Comecei, então uma pesquisa sobre o software Microsoft Access (detalhes sobre estas pesquisas, realizada em diferentes suportes de informação, podem ser acompanhadas nos itens: Pesquisas Bibliográficas, Audição e Visualização de Fitas VHS e Pesquisas On-Line)  que é um sistema de gerenciamento de banco de dados relacional (SGBDR). Através das pesquisas teóricas [2] e algumas experiências práticas  pude realizar uma iniciação no trabalho com Bancos de Dados Relacionais. Porém, neste período (Julho / Dezembro / 1997) não foi possível avançar mais neste sentido, diante de limitações técnicas e de tempo disponível para esta atividade.
Ainda neste período de atividades, realizei o  Curso de Capacitação em Atividades de Documentação: arquivamento, organização, catalogação e indexação dentro de um projeto de construção de Banco de Dados e de Imagens, desenvolvido na Biblioteca Setorial de Ciências Sociais e Humanidades (BSCSH) / Instituto de Filosofia e Ciências Humanas (IFCH) / Universidade Federal do Rio Grande do Sul (UFRGS). 
A aquisição de um Micro Computador – Processador Pentium, 166 Mhz, 32 MB de memória Ram, HD de 2 GB - (realizada no período anterior a este), destinado exclusivamente para o trabalho do Projeto Individual A: “Antropologia do Cotidiano e Estudo das Sociabilidades a Partir das Feições dos Medos e das Crises na Vida Metropolitana.” (Professora Executora: Dra.

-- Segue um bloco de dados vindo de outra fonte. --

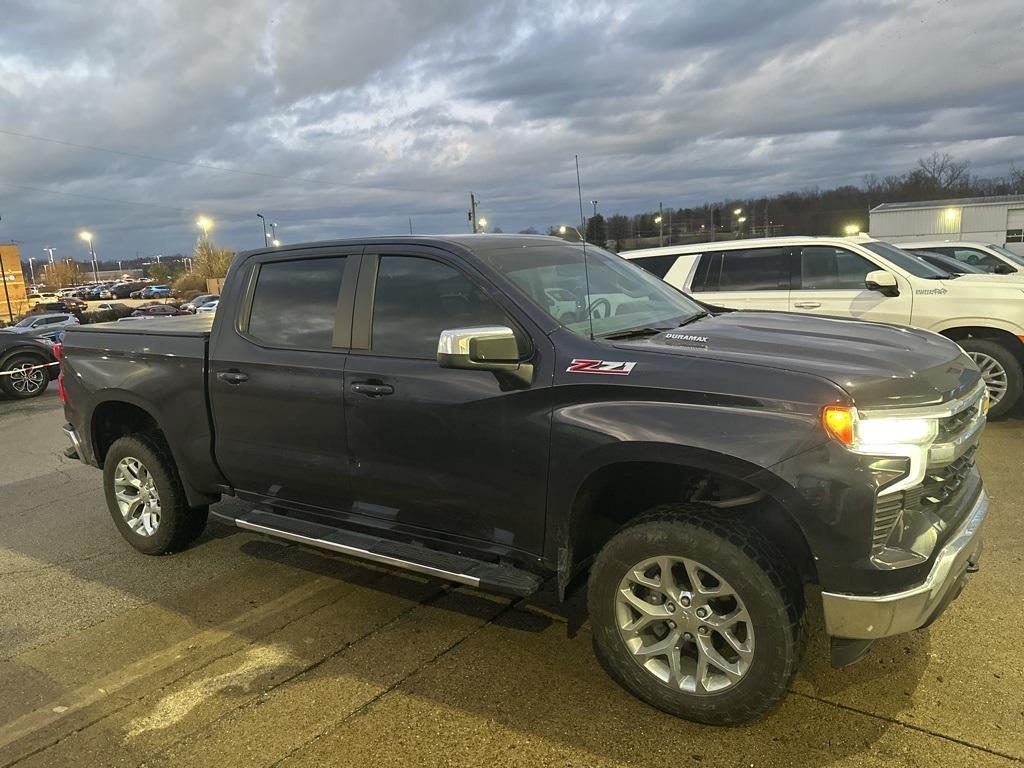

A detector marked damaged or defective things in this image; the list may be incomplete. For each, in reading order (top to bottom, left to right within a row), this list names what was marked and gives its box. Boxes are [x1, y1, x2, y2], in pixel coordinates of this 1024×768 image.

cracked pavement [0, 393, 1019, 765] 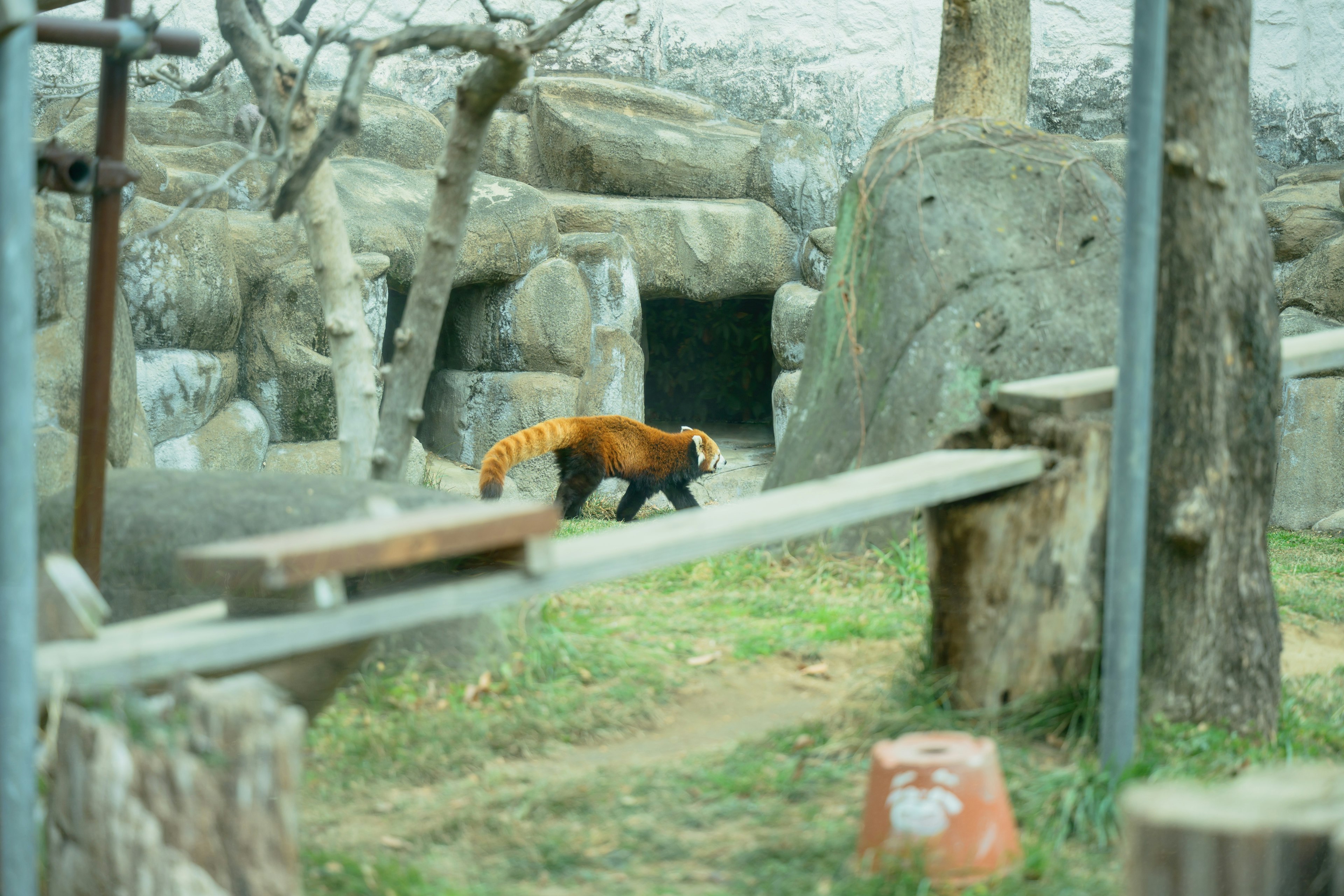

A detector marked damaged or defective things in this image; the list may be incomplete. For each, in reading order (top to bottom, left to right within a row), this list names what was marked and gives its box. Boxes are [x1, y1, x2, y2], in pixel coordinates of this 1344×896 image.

rusty metal pipe [70, 0, 131, 586]
rusty metal pipe [34, 14, 197, 56]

Cornelia Eckert) e do Projeto Integrado “Estudo Antropológico de Itinerários Urbanos, Memória Coletiva e Formas de Sociabilidade no Meio Urbano Contemporâneo”, trouxe uma importante qualificação  no  trabalho de organização, classificação e indexação de dados.
A configuração detalhada desta máquina é a seguinte:

CPU TYPE: Pentium-s
CPU CLOCK: 166 MHz
Base Memory 640 K
Extended Memory 31 744 K
Cache Memory 512 K
Diskette Drive A: 1,44  3,5 in
Diskette Drive B: None
Pri Master Disk: LBA, Mode 4,2160 MB
Pri Slave Disk: CDRom, mode 4
Sec. Master Disk: none
Sec. Slave Disk: none
Display Type: EGA/VGA
Serial Port(s): 3F8 2F8
Parallet Port(s): 378
Bank0 EDO DRAM: No
Bank1 EDO DRAM: No
L2 Cache Type: Pipelined Burst

No período  Janeiro / Junho / 1998 ,  a instalação do pacote Office 97 (Grupo de Programas da Microsoft de última geração disponíveis no Brasil) propiciou uma  qualificação ainda maior das técnicas e dos procedimentos de organização, classificação e indexação de dados, especialmente por podermos contar, a partir de agora, com o software Access instalado em nosso computador (Versão Office 97).

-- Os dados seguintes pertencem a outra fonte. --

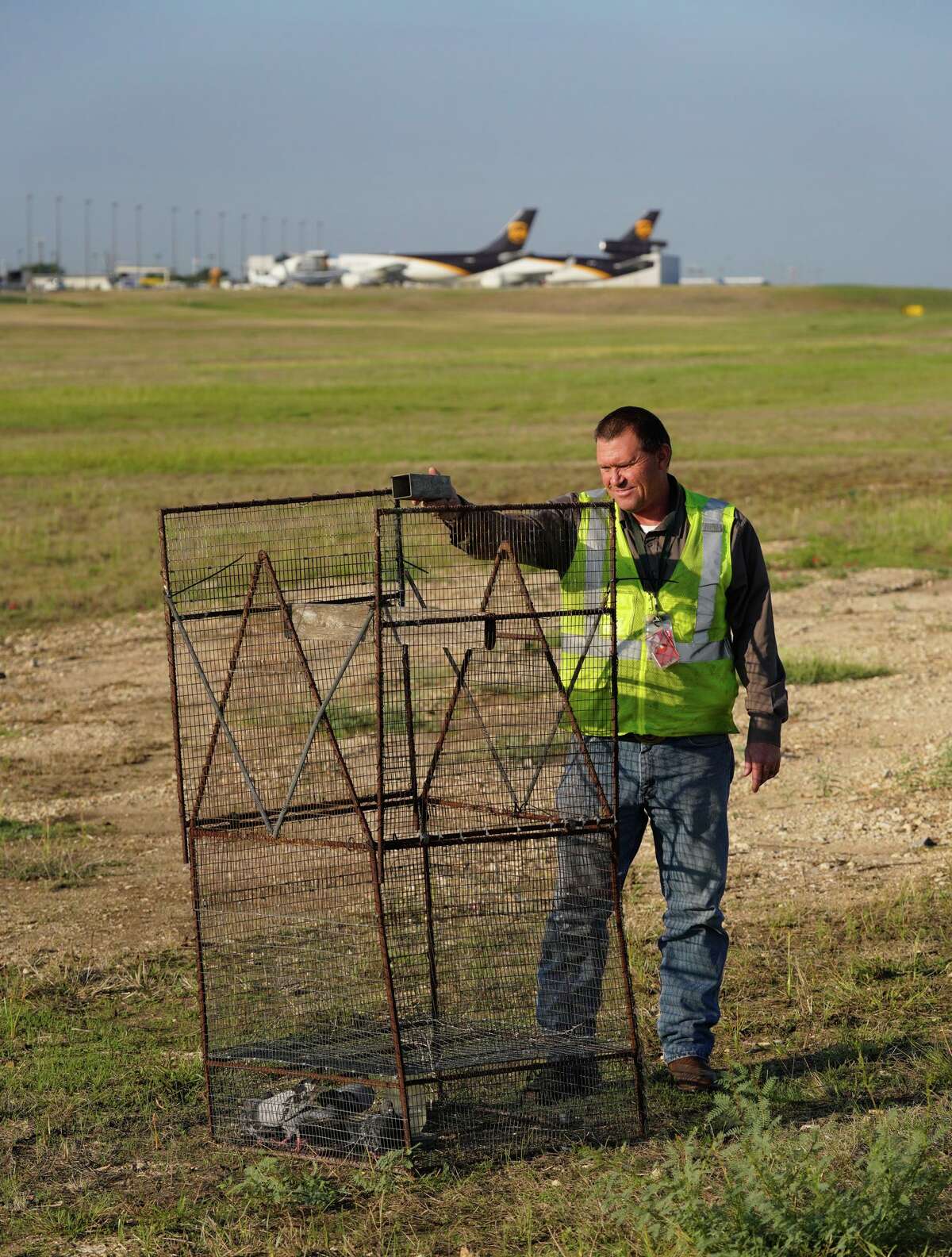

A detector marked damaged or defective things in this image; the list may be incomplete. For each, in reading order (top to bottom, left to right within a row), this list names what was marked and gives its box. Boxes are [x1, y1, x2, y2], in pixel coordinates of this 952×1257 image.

rusty metal cage frame [159, 487, 647, 1156] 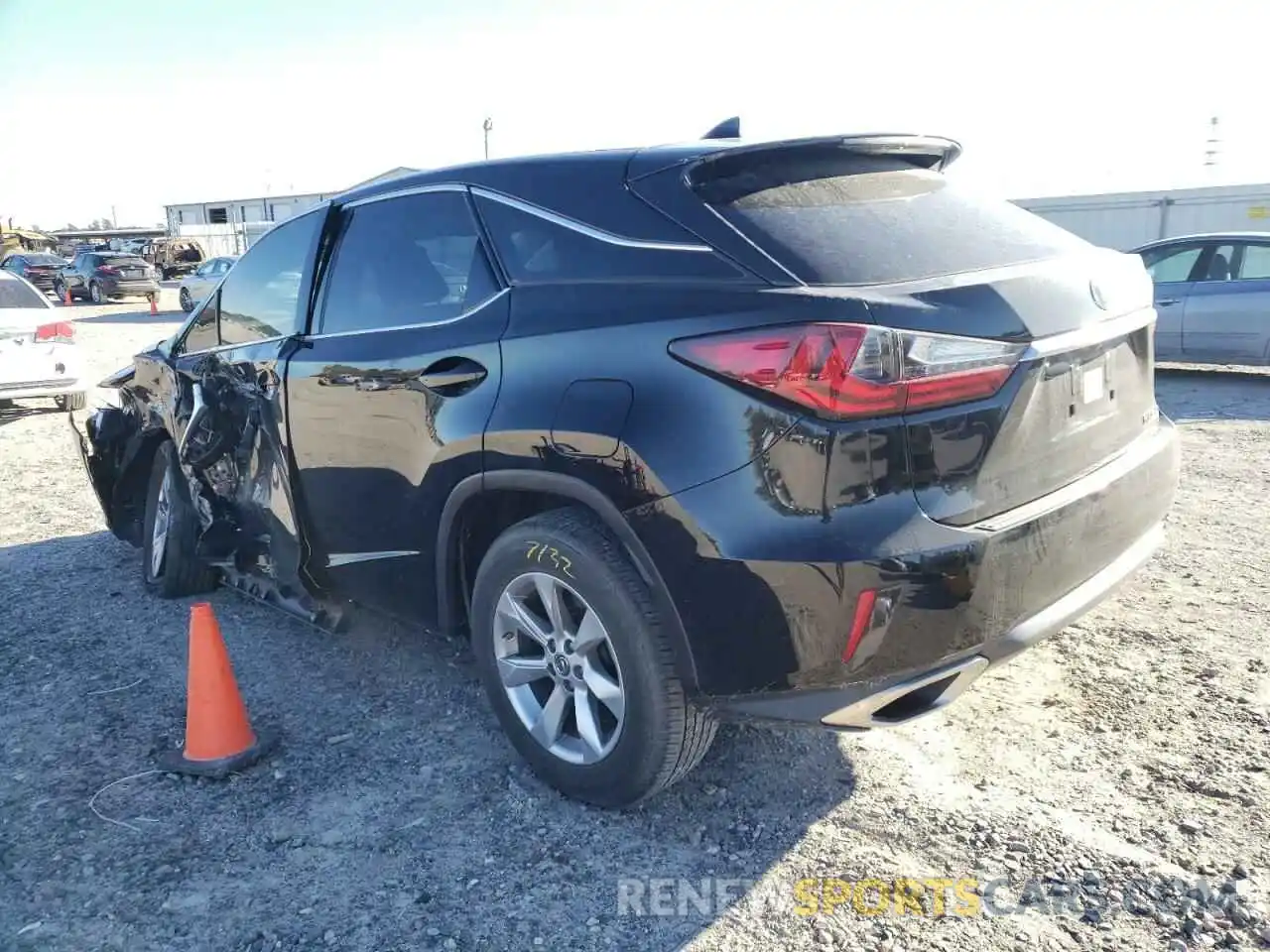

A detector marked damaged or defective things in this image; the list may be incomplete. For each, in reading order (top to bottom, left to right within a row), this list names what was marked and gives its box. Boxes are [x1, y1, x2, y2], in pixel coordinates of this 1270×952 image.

damaged front wheel area [146, 441, 220, 604]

Estas pré-condições técnico-informáticas conjugadas a uma intensa discussão da equipe de pesquisadores, a fim de definir as palavras-chaves e as categorias que passarão a ser usadas no Banco de Dados e no Banco de Imagens, nos possibilitaram a iniciar um novo rearranjo da atual base de dados.
Mediante toda a qualificação realizada nos períodos anteriores (cursos, orientações, pesquisas, ...), no que concerne as atividades de Documentação - arquivamento, organização, catalogação e indexação – desenvolvi, com o auxílio da colega Luciane Moreau Coccaro, orientação técnica da bibliotecária Maria Lizete Gomes Mendes e da Professora Dra. Cornelia Eckert, uma nova base de dados para o Banco de Dados Projeto Integrado “Estudo Antropológico de Itinerários Urbanos, Memória Coletiva e Formas de Sociabilidade no Meio Urbano Contemporâneo”. Dentro do ambiente Windows, utilizando o Microsoft Access, temos agora a possibilidade de trabalhar com um sistema de gerenciamento relacional de Banco de Dados (SGBDR), contando com inúmeras possibilidades de armazenamento, relacionamento, recuperação, inserção (importação e exportação), impressão e apresentação de dados e informações. Dentre elas, destacaria:
·         Organização de dados de acordo com uma categoria pré-estabelecida;
·         Armazenamento de informações referentes a diferentes bases de dados e de diferentes suportes (gráficos, iconográficos, ...);
·         Definição de inúmeras formas de relacionamento entre as diversas tabelas que compõe o Banco de Dados;
·         Definição de várias formas de recuperação da informação;
·         Definição de várias formas controle, restrição e segurança (chaveamento) da base de dados;
·         Importação e exportação de dados de outros programas e aplicativos que são processados no sistema operacional Microsoft Windows 95. É possível, por exemplo, relacionar dados com Microsoft Word 7.0 ou 97 (Processador de Texto), com dados do Excel 7.0 ou 97 (Planilha Eletrônica), com dados do Visual Fox Pro (Banco de Dados), entre outros;
·         É possível realizar várias formas de apresentação e impressão dos registros do Banco de Dados em qualquer um dos softwares citados no item anterior, criando relatórios temáticos, formulários de apresentação de dados específicos a alguns campos do Banco de Dados ou apresentações de dados acompanhadas de iconografias ou imagens relacionadas a estes.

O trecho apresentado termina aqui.